Vincent Burke

Vincent P. Burke was born in St. Jacques, Newfoundland on Aug. 3, 1878. He was educated in St. John's at St. Bonaventure's College and at Columbia University, and was one of the first Newfoundlanders to be a licensed superintendent of schools in New York.

At the age of 19 he became principal of the high school in Torbay.

Appointed superintendent of Roman Catholic Schools in 1899, and deputy minister of education in 1920, Dr. Burke visited many schools around the island and was made aware of the urgent need to have better-trained teachers. In a report written in 1921 when he was deputy minister of education, he says: "Until we get more trained supervisors or helping teachers if you will, to visit our schools more frequently and to advise and help the teacher, the children of the people will not be given the educational help and service to which they are justly and rightly entitled."

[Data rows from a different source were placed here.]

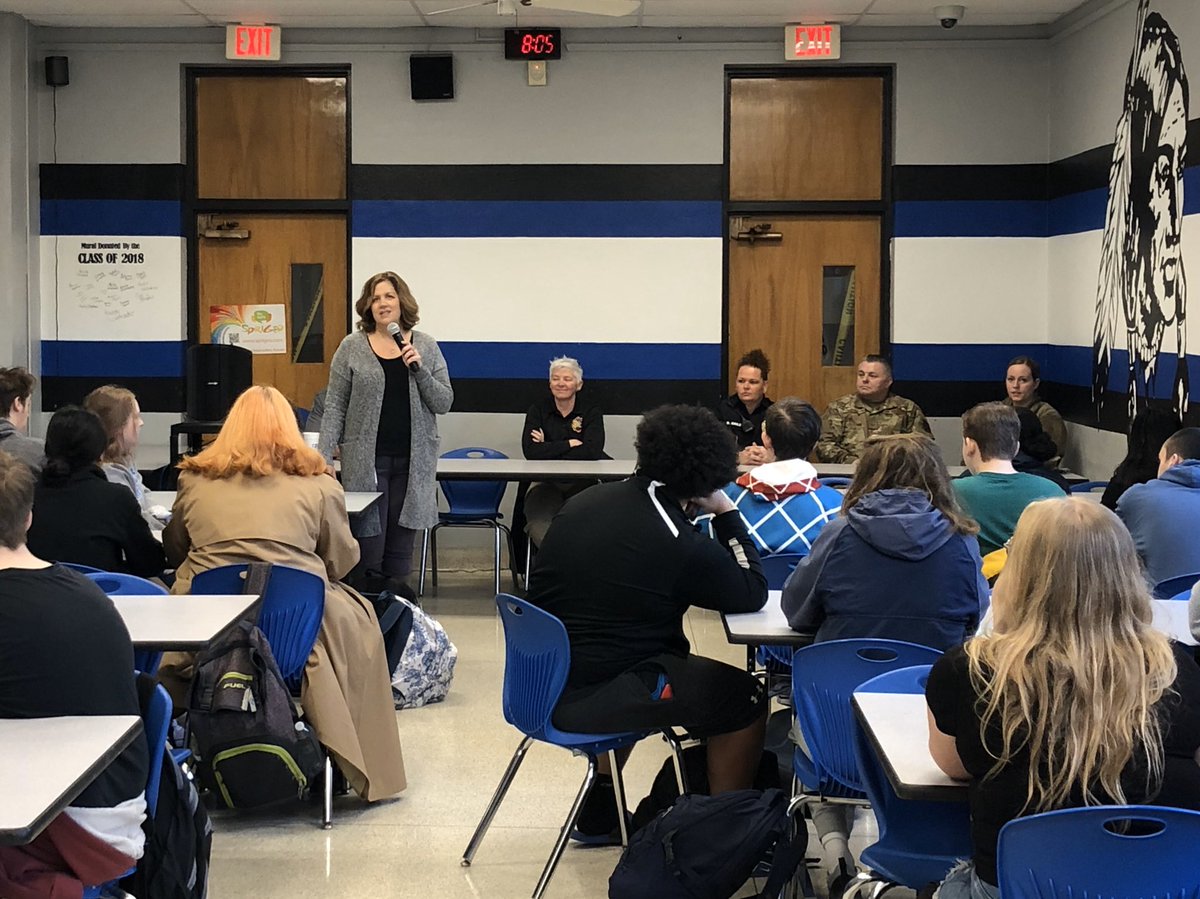 smdudeck's tweet photo. Thank you to our amazing Public Safety panel and @JodiBloemker with United Way for putting on an excellent Breakfast with the Experts presentation this morning @CHS_Indians! #SJSDproud https://t.co/g2yVRVorcW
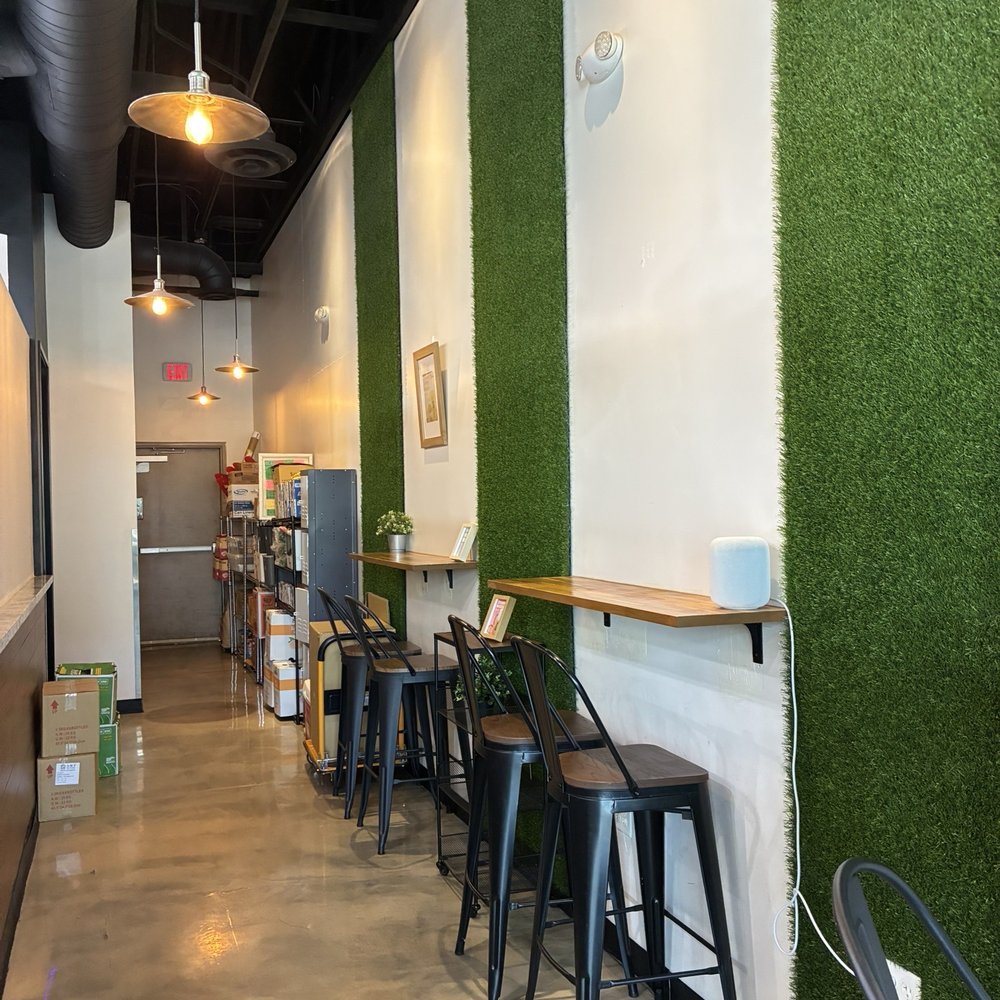 DaYung's Tea - Deer Valley - Inside - Bubble Tea Near Me - Phoenix, Arizona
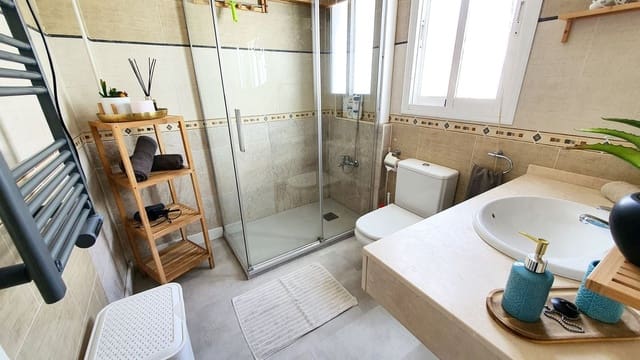 1 bedroom Apartment for sale in Castillo Sohail, Fuengirola - € 289,000 (Ref: 9593319)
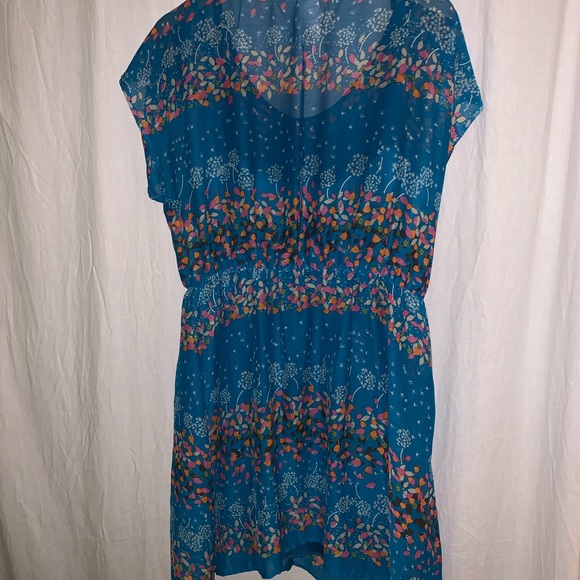 Mossimo Supply Co. Dresses & Skirts - Bright floral print midi dress Mossimo Supply Co. Dresses & Skirts - Bright floral print midi dress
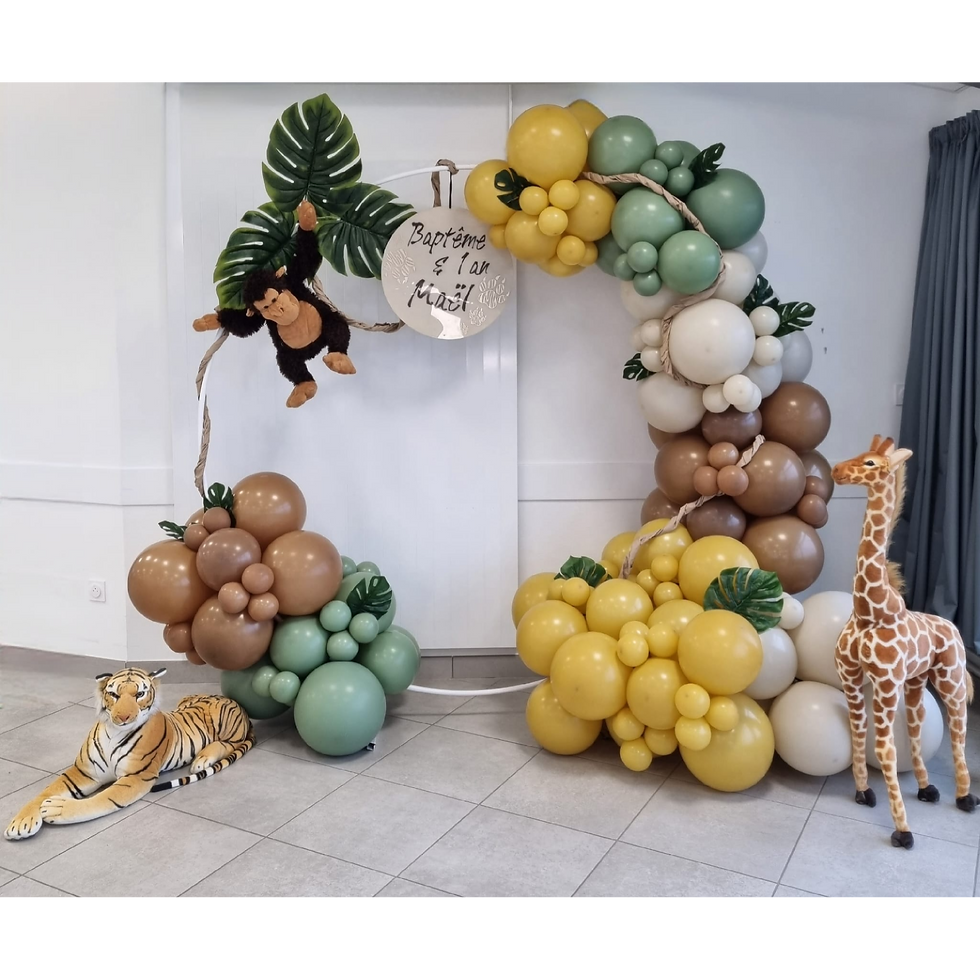 Peluche tigre dans une décoration de ballons thème savane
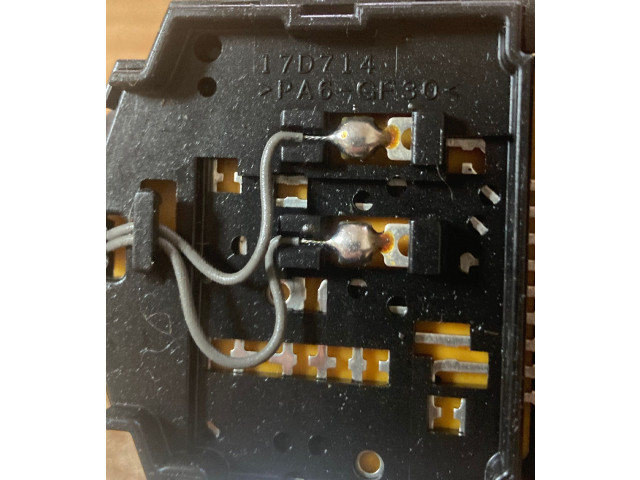 Ручка стеклоочистителей 17D714 Mitsubishi Lancer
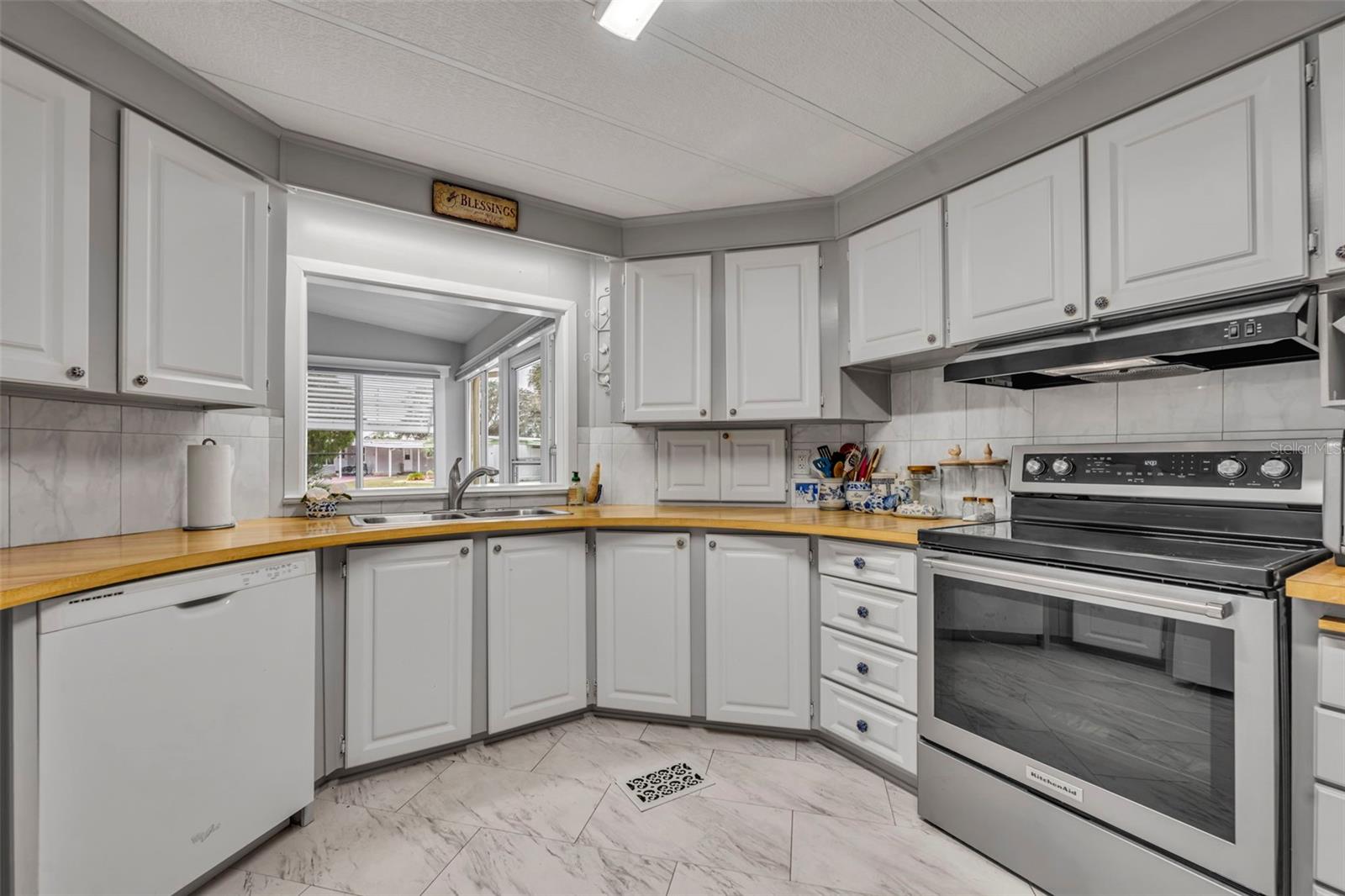 Image 18 of 49 For 60 Kono Circle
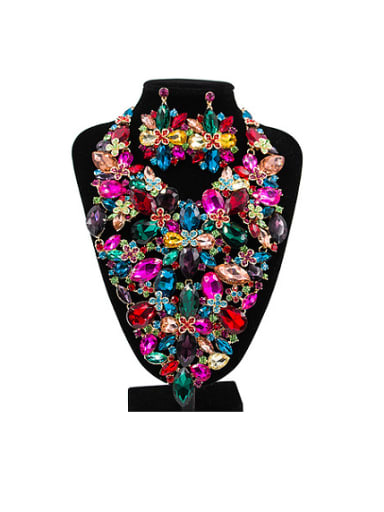 Exaggerated Flower Glass Rhinestones Two Pieces Jewelry Set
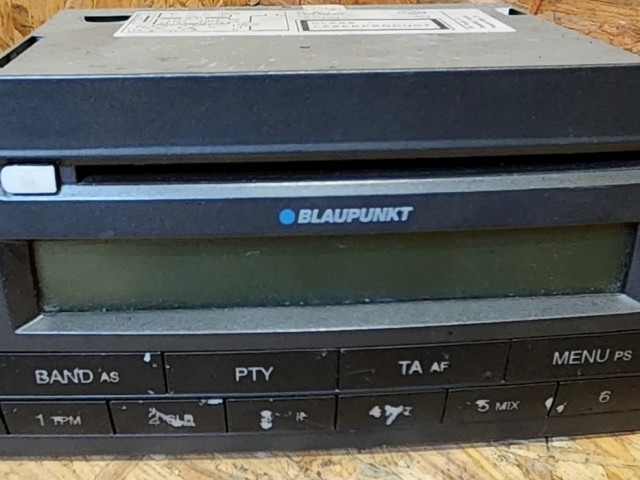 171965 Fiat Grande Punto Blaupunkt Cd-s rádió, egy hiányzó, és kopott gombokkal!!!!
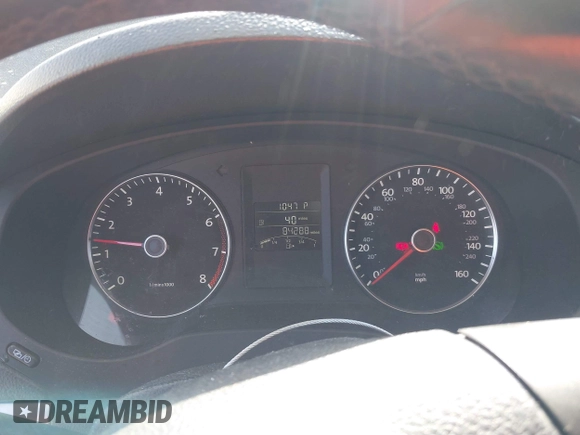 2013 Volkswagen Jetta SE with VIN 3VWDP7AJ7DM279184, listed as a IAAI auction lot 42387002 with 84,288 mi miles and . Bid and sale history available at DreamBid. Image 7.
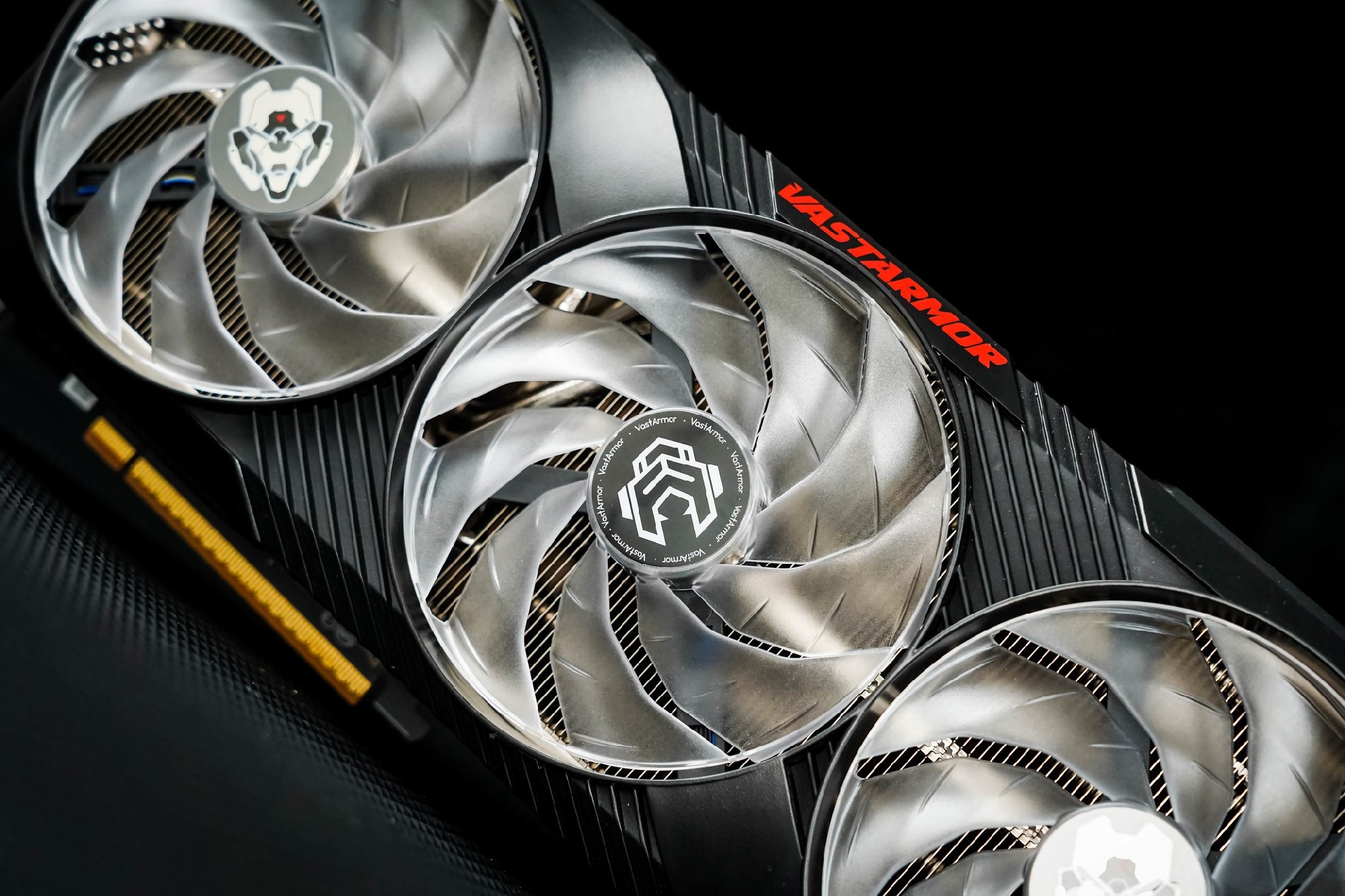 瀚铠RX 9070 XT 超合金Pro 《黑神话》FSR 4测试:史诗级提升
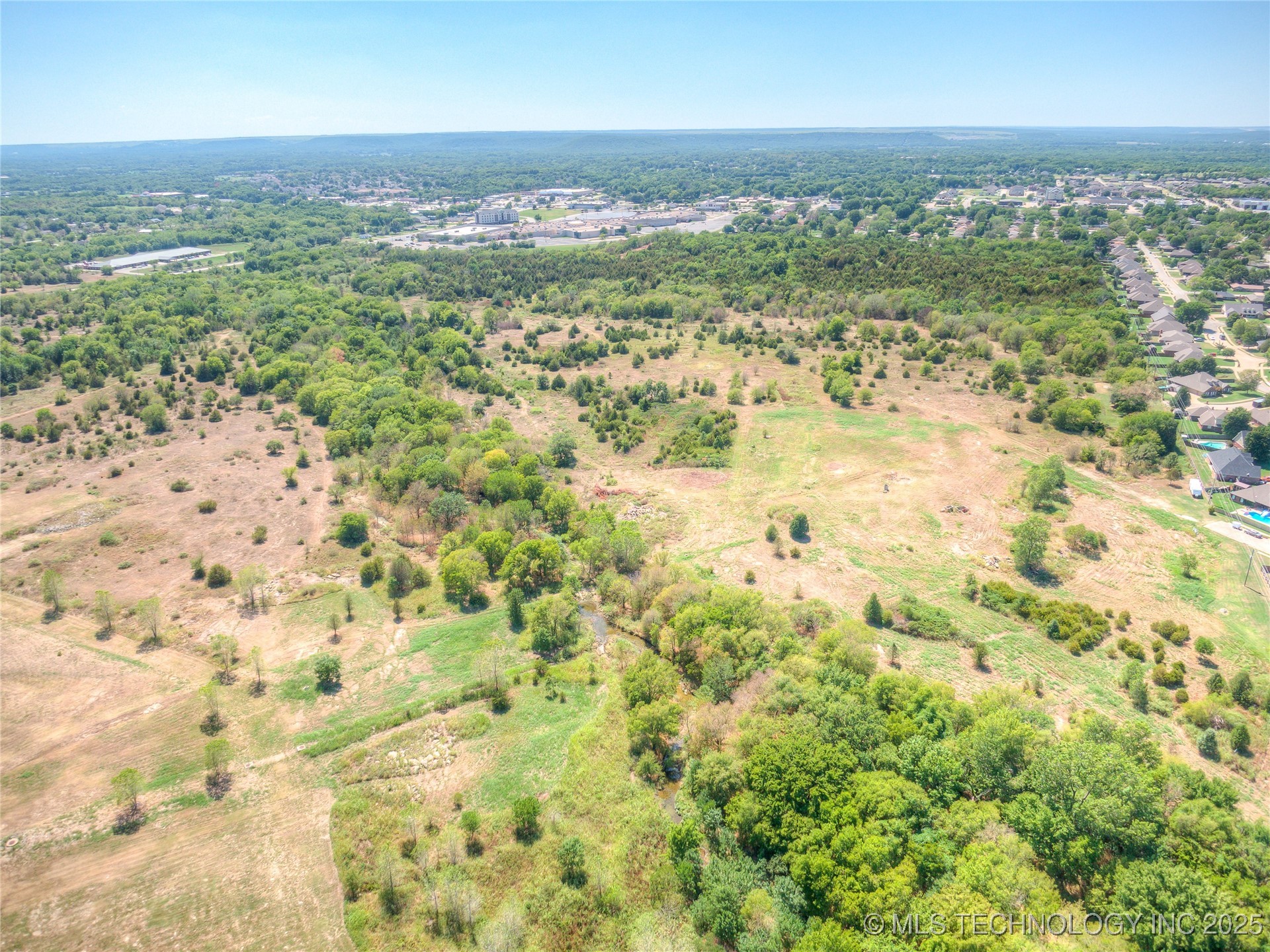 1 Se Barnett Avenue Property Photo 2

He enjoyed visiting the schools and encouraged young people to go to university. He often approached his friends and city businessmen for donations to help further the education of some child he felt deserved it. 

One woman, recalling how impressed the children were when Dr. Burke was to visit the school, said, "We would be looking forward to it for days. The children would be drilled and the school tidied in preparation for the event. When he came we were so surprised he was a rumpled-looking man who really loved telling stories – not at all the dour official we'd been expecting!"

Dr. Burke had the reputation of being forgetful about details and would sometimes show up on stage at a meeting wearing odd socks. It was traditional that on the day "The Inspector" visited a school, the children would be given a half-day holiday – Dr. Burke would invariably make his goodbyes and leave the classroom without announcing the holiday. Then he would come dashing back, stick his head in the door and say, "Oh, by the way, you can all have this afternoon off."

He worked hard towards setting up Memorial University College, and it was he who was instrumental in getting a grant of $300,000 from the Carnegie Corporation of America for the fledgling college. He was convenor of the first board of governors in 1925 and chairman from 1936 to 1951. At the time of his death in 1953 he was the last surviving member of the original trustees.

Dr. A.C. Hunter, a long-time colleague and friend, said of him,"Memorial University College is a monument to qualities of mind and character possessed by Vincent Patrick Burke, to his enthusiasm, patience, perseverance and, above all, vision and imagination. Most people were still only beginning to accept the notion of a junior college when he was already thinking in terms of a university."

A bronze bust of Dr. Burke is on display in the lobby of the Arts and Administration Building, St. John's campus.